Des chercheurs de Rutgers Health ont mis en évidence un lien préoccupant entre les symptômes du TDAH et la consommation de substances chez les jeunes hommes de minorités sexuelles. Cette population, déjà confrontée à des disparités en matière de santé mentale et physique, semble particulièrement vulnérable. L’étude, publiée dans le Journal de la santé mentale des gays et des lesbiennes, s’appuie sur l’analyse des données de 597 jeunes hommes.
L’étude a révélé que les symptômes cliniquement significatifs du TDAH étaient non seulement courants, mais également associés à un risque accru et à un âge plus précoce pour l’initiation à la consommation de cigarettes, d’alcool, de cannabis, de stimulants et de drogues illicites. Les difficultés d’attention étaient particulièrement liées à la consommation de cigarettes, tandis que l’inattention combinée à l’hyperactivité et à l’impulsivité prédisaient une consommation précoce de toutes les substances étudiées.
« Étant donné que les jeunes hommes de minorités sexuelles sont touchés de manière disproportionnée par plusieurs autres problèmes de santé mentale et physique, ce phénomène mérite une attention accrue de la part des prestataires de soins de santé, des chercheurs et des décideurs politiques », a déclaré Kristen Krause, professeure adjointe à l’École de santé publique de Rutgers et co-auteure de l’étude.
L’étude souligne également des différences significatives entre les sous-groupes.

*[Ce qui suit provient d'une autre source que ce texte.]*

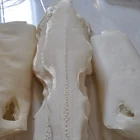 Raw Leather Raw Dry Bleached Raw Stingray Skin Leather For Knife Hilt And Sword Scabbard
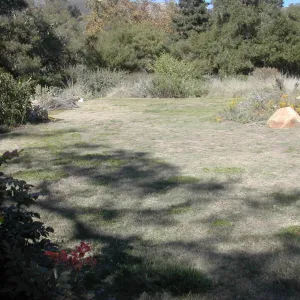 Meadow lawn (dry)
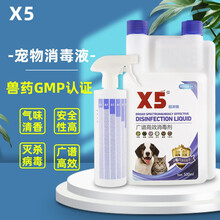 X5宠物消毒液宠物医院同用犬瘟猫瘟细小杀菌消毒除臭家用环境喷雾宠物专用消毒液 升级版500ml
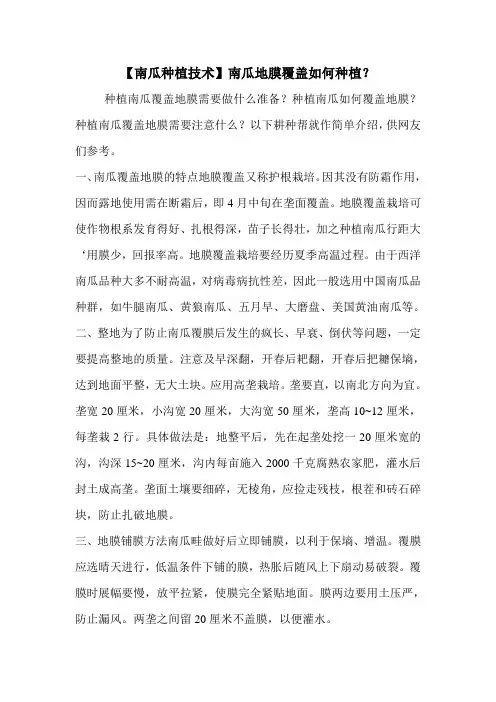 【南瓜种植技术】南瓜地膜覆盖如何种植？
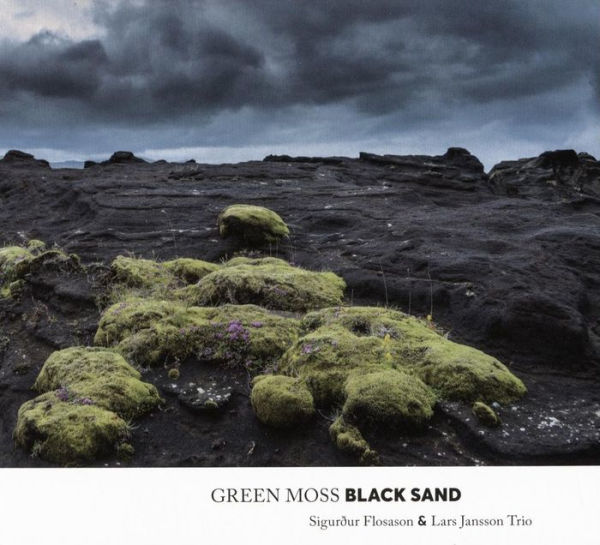 Green Moss, Black Sand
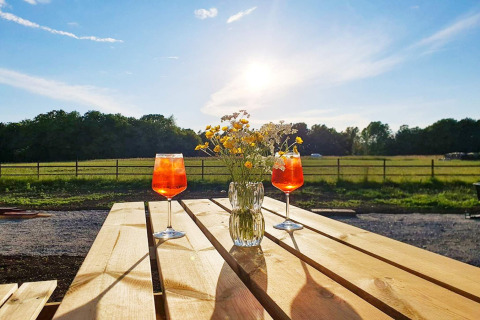 Twee drankjes en een vaas met wilde bloemen op een houten tafel bij zonsondergang bij 4-sterren vakantiehuis KARLSKRONA.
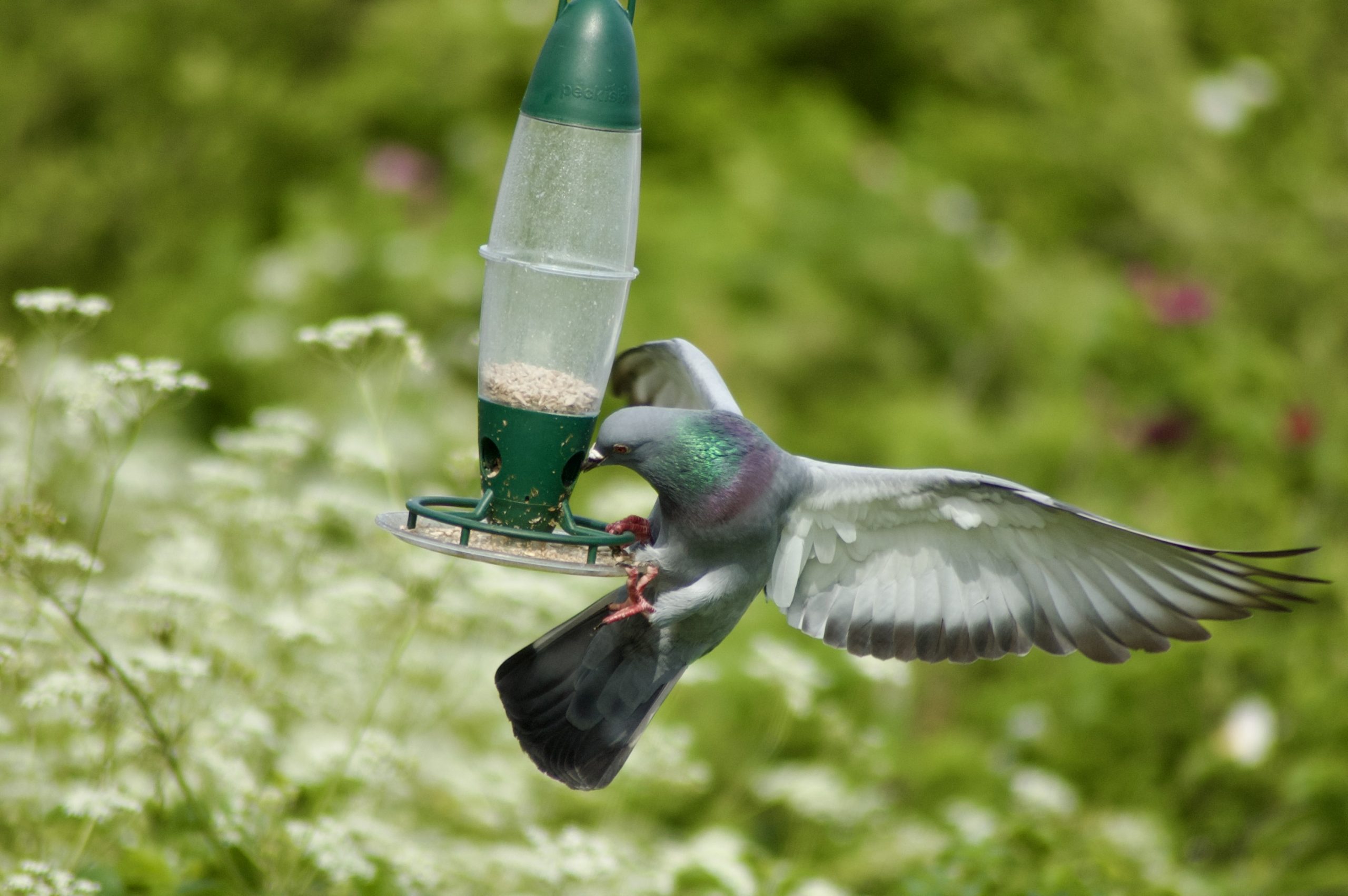 Bird Feeder Pigeon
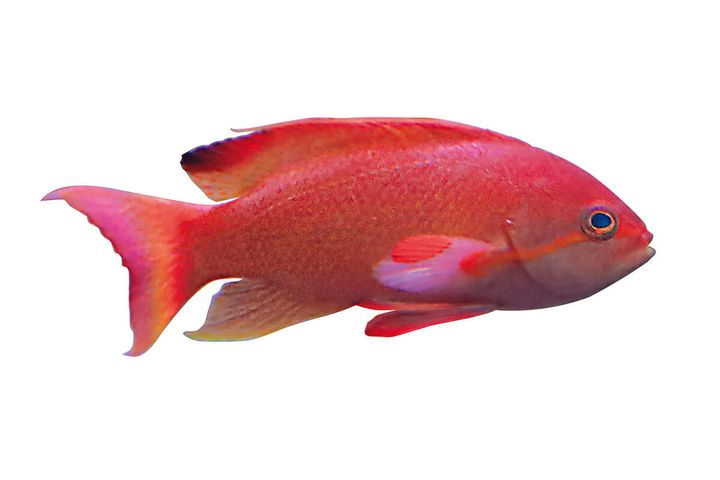 レインボーフィッシュの仲間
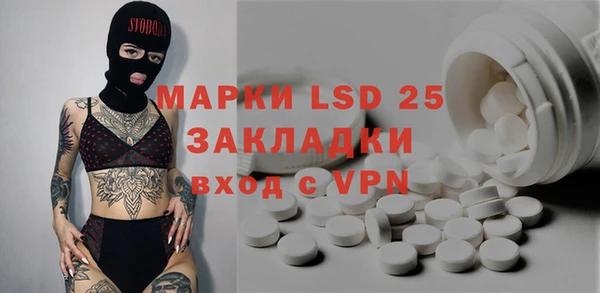 сатива Няндома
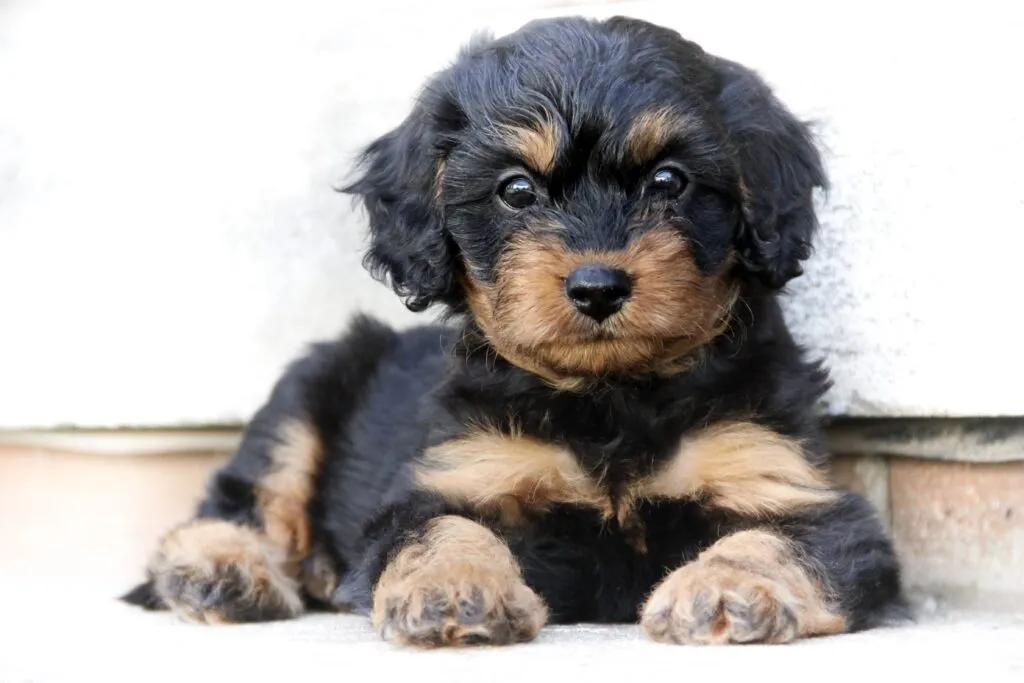 cachorro cavapoo de duas cores encostado a parede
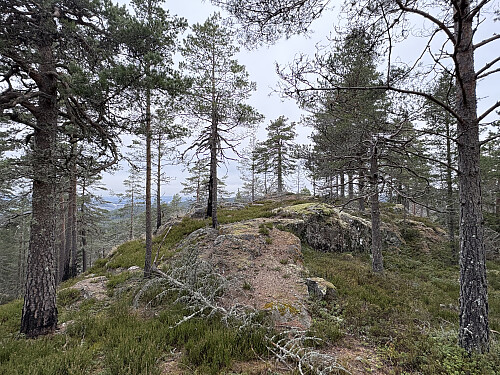 Geiterudfjellet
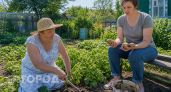 Вы кормите этим всю семью каждый день: гастроэнтеролог объяснила какой дачный овощ медленно губит желудок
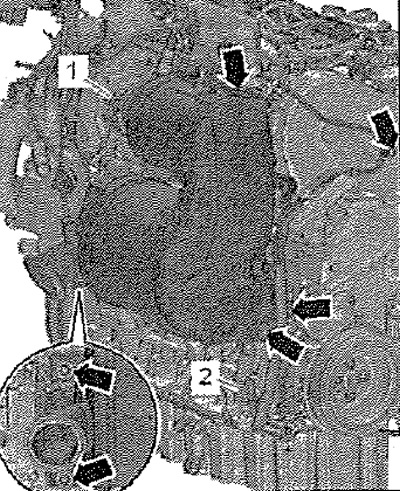 Выкрутить винт «1», снять зажимную муфту. Ослабить шпильку «2», немного отжать назад патрубок ОЖ.…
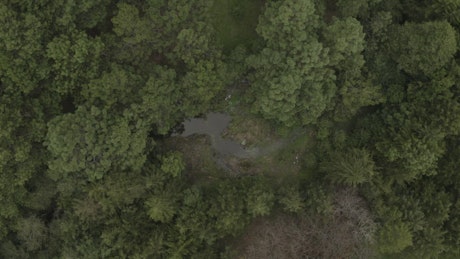 Flying over the trees of a forest with a small river
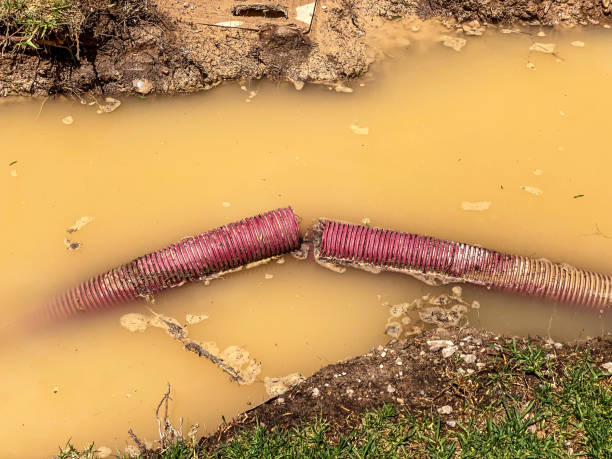  Rancho Alegre, TX Water damage restoration Pros
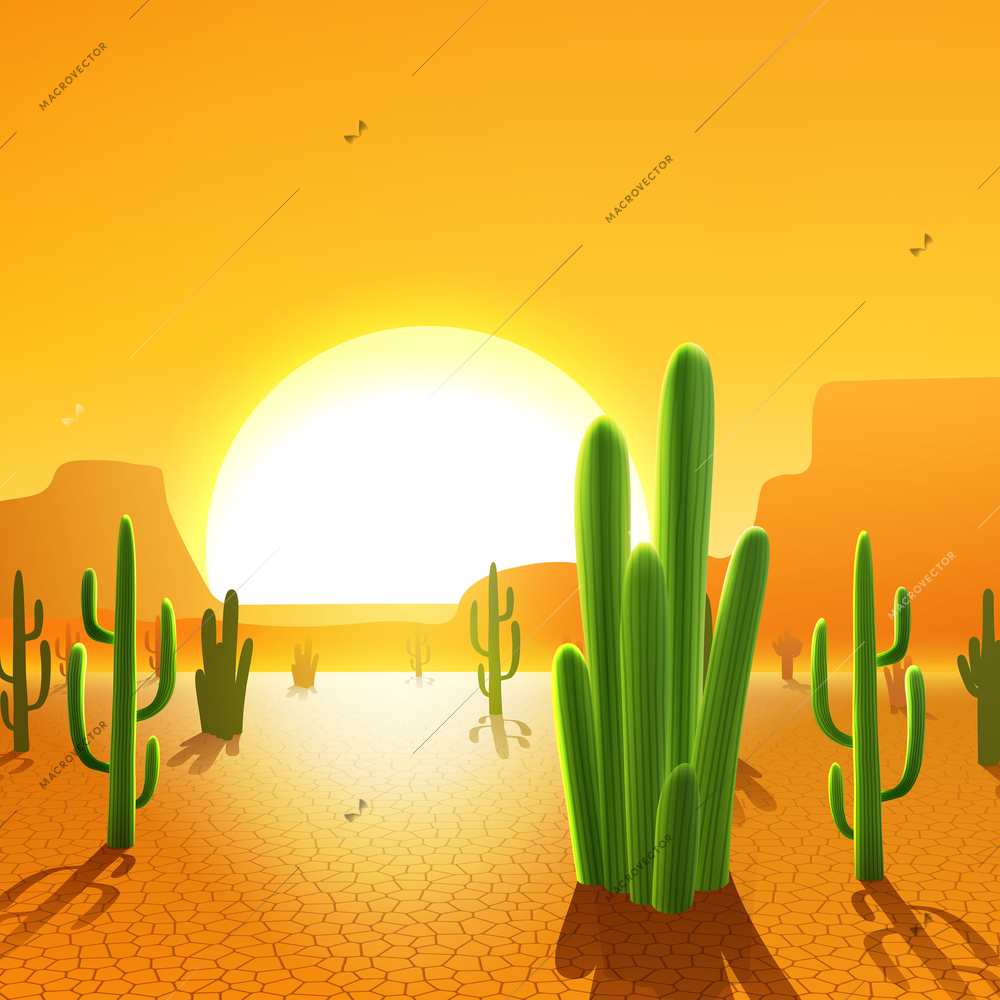 Cactus plants in mexican desert with rising sun on background vector illustration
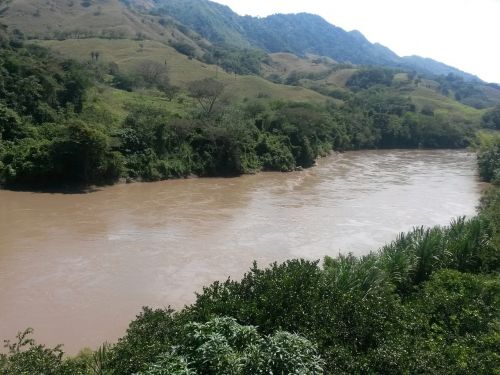 cauca river river trees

Le lien entre le TDAH et la consommation précoce de substances était plus prononcé chez les hommes bisexuels que chez les hommes homosexuels, ce qui suggère que des stratégies de prévention spécifiques pourraient être nécessaires pour répondre aux besoins distincts de chaque groupe.
« L’accent doit être mis sur la personne et non sur le médicament ou l’agent pathogène », a affirmé Perry N. Halkitis, doyen de l’École de santé publique et auteur principal de l’étude.
« Au CHIBPS, nous comprenons depuis longtemps que les risques pour la santé ne surviennent pas en vase clos, mais qu’ils sont le résultat de l’interaction complexe entre la personne, les conditions sociales et la santé physique et mentale. Les approches de santé publique modernes et pertinentes reconnaissent que dire simplement aux gens de se faire vacciner, de porter un préservatif à chaque fois et/ou d’interdire les cigarettes mentholées n’est tout simplement pas suffisant. »
Perry N. Halkitis, doyen de l’École de santé publique et auteur principal de l’étude
Les chercheurs insistent sur la nécessité d’intégrer les efforts de dépistage et de prévention en matière de santé mentale et de consommation de substances pour les jeunes hommes de minorités sexuelles. L’identification précoce du TDAH et la mise en place d’interventions adaptées pourraient contribuer à réduire les inégalités en matière de santé à long terme. Des études futures devraient explorer plus en profondeur la prévalence et la gravité du TDAH dans cette population, en tenant compte de facteurs tels que la résilience, les comorbidités et le soutien social. Lien vers l’article original.
Source:
Référence du journal :
Brandt, SA, et autres. (2025). Symptômes du TDAH et consommation de substances chez les jeunes hommes de minorités sexuelles : étude de cohorte P18. Journal de la santé mentale des gays et des lesbiennes. DOI: 10.1080/19359705.2025.2536486.